From Duct Tape to Digital Health: Empowering Families with Secure Health Technology
In 2015, I put a countdown timer on my phone for January 1, 2026. This is when the first Baby Boomer turns 80. I thought this was when all the duct tape, string, and glue nurses use to keep healthcare functional would begin to fall apart.
Jean Ross, MHA, BSN, RN
I left critical care in 2016 to start a business coordinating home and healthcare for 80+ year-olds. My first few families taught me how necessary pulling together the correct health information was to coordinate the best care. Over time, I created a health history summary via claims data, medication bottles, patient portals, and interviewing the family. Then, I would maintain this summary by visiting older adults at home, in the hospital, and attending their medical appointments. As families and doctors spoke to the value of what I shared with them, I dreamed of hiring retiring nurses to support our aging communities. However, 2020 happened and we all felt the duct tape, string, and glue holding our healthcare system disintegrate.
For me, like so many nurses, the impact of 2020 changed the direction I was going. I had to reflect on what I was doing as a nurse and find a new way to deliver my value. I began to focus on how I could use secure technology to help families know how to collect, organize, and share their health stories. In the world of startups, I learned this is called a pivot.
My pivot was lucky to happen when the 21st Century Cures Act began to impact health information. The Office of the National Coordinator for Health Information Technology (ONC) was tasked with ensuring patients have “access to health information in a convenient form.” For the first time since electronic health records (EHRs) began, a law would change the technical language and depth of data patients could access.

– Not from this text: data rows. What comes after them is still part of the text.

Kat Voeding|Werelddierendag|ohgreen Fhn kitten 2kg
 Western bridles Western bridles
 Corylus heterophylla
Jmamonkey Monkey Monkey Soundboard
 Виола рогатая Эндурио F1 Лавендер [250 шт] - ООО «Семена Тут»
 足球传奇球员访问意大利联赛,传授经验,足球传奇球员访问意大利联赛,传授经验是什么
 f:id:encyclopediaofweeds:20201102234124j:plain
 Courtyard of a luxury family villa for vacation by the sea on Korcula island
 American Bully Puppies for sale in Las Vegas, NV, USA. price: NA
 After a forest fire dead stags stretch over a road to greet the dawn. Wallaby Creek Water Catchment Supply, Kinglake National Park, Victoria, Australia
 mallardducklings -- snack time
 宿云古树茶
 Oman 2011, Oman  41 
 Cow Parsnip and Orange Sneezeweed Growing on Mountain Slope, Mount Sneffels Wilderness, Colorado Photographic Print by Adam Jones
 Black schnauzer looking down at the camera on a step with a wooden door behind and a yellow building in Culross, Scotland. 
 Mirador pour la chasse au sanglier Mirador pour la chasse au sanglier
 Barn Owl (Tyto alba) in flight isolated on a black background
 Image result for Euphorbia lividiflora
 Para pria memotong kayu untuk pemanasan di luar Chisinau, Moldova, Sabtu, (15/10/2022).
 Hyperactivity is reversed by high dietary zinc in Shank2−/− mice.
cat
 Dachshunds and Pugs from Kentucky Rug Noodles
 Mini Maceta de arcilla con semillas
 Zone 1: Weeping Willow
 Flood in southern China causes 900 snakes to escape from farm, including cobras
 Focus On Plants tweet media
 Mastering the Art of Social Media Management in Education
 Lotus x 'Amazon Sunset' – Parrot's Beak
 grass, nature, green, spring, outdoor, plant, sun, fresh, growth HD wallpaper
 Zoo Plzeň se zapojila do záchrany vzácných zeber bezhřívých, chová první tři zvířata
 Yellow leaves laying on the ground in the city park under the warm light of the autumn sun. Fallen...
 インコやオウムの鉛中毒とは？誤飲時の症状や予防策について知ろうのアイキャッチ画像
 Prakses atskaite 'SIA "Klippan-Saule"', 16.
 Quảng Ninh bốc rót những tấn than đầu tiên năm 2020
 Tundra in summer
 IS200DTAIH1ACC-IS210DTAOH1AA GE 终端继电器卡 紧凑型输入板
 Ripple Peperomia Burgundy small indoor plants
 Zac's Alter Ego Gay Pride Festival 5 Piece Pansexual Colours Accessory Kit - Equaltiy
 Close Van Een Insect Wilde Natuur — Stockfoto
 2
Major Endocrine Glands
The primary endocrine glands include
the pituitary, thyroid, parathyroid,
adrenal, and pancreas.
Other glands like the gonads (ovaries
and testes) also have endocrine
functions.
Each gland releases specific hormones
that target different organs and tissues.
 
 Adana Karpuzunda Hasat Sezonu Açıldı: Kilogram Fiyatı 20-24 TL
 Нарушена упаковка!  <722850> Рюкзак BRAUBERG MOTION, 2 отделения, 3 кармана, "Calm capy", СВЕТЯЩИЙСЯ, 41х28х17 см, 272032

More importantly, the Cures Act provided recourse for patients and family caregivers when blocking their health information caused harm.
As a nurse, I had lived firsthand the harms and the value of correcting those harms for families. I learned that a lack of engagement in health often results from not giving the right family member timely access to information. When I shared with my neighbor, Jim McIntosh, the problems I was seeing as a nurse, he helped me validate my observations using his 25 years of experience in the technology industry. We talked to over 100 families, nurses, doctors, health information experts, and community organizations. We learned the problems were not unique to the aging population. Together, we co-founded Primary Record.
I want you to pause and put yourself in a doctor’s office or emergency room. When you need to share your medications, last vaccination, labs, or imaging, what do you use to share this information? Now, picture answering on behalf of a medically complex family member. How will you help answer these questions to ensure the right information is given, and the right care is timely? How would you help them pull their health story together and keep it up to date? Families today are using a paper binder.
When Jim and I started Primary Record, we learned from families why they create a binder, what they put into their binder, and how they organize their health information to share. As we built the mobile application for 2023, we soon realized our partnership with 1upHealth could help families sooner. Today, a patient or their family member can use Primary Record to download a health summary in seconds from all the health information an EHR has stored about conditions, medications, and visits. In 2023, they will have an additional option to organize and share this information in their family’s Primary Record application. From their mobile phone, they can take notes, add additional health information, and upload documents in one secure place.
While I co-founded Primary Record, I know this innovation will only accelerate if nurses share their stories and partner with families to advocate for change. The cost of updating our health information infrastructure has led many industry and provider associations to request delays. However, when families do not come with their health information organized, nurses are the ones to call, fax, and review records to ensure safe, appropriate care. This is why nurses will be the reason for change.